# total eclipse



## bichex (Jul 3, 2019)

Yesterday I was able to shoot a total solar Eclipse in Argentina. A marvel. The second photo is a montage of two images of the exact moment of the total eclipse.


----------



## Click (Jul 3, 2019)

Cool shots. Well done, bichex.


----------



## bichex (Jul 3, 2019)

Click said:


> Cool shots. Well done, bichex.


gracias


----------



## ethanz (Jul 3, 2019)

Muy bien

Great pictures


----------



## Mt Spokane Photography (Jul 4, 2019)

It is amazing to see. Also difficult to photograph the totality.
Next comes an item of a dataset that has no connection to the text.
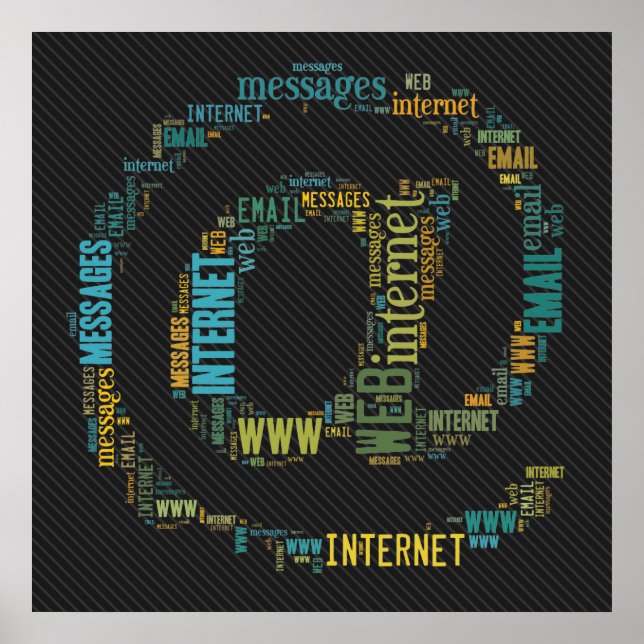 Internet Email Typed Text Symbol | Geek poster (Front)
Good results!


----------



## Maximilian (Jul 5, 2019)

Wonderful pictures, [U]bichex[/U]. The "sun diamond" effect in the second is great.
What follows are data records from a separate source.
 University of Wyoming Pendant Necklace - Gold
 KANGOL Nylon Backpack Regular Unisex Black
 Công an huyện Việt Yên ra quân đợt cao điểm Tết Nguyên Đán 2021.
Did you use any kind of protection equipment for your gear and eyes?
E.g. did you shoot on live view only?


----------



## bichex (Jul 5, 2019)

Maximilian said:


> Wonderful pictures, [U]bichex[/U]. The "sun diamond" effect in the second is great.
> 
> Did you use any kind of protection equipment for your gear and eyes?
> E.g. did you shoot on live view only?




Use live view At the time of the total eclipse, no filters are needed. minutes before use 10-step nd filter


----------



## tron (Jul 5, 2019)

I remember using baader film filters put in front of the lens back in the film days (abtually they were digital days but with no Live View capabilities). But in this way I could look through the viewfinder (at least a little) and have no fear for my eyes since baader film is supposed to stop harmful IR and UV in addition to the 10-stop reduction.


----------



## Maximilian (Jul 5, 2019)

tron said:


> I remember using baader film filters put in front of the lens back in the film days (abtually they were digital days but with no Live View capabilities). But in this way I could look through the viewfinder (at least a little) and have no fear for my eyes since baader film is supposed to stop harmful IR and UV in addition to the 10-stop reduction.


I use these baader film filters for my teleskope. Of course you'll always have to check them first before use.


----------



## Maximilian (Jul 5, 2019)

bichex said:


> Use live view At the time of the total eclipse, no filters are needed. minutes before use 10-step nd filter


Thanks for your reply.


----------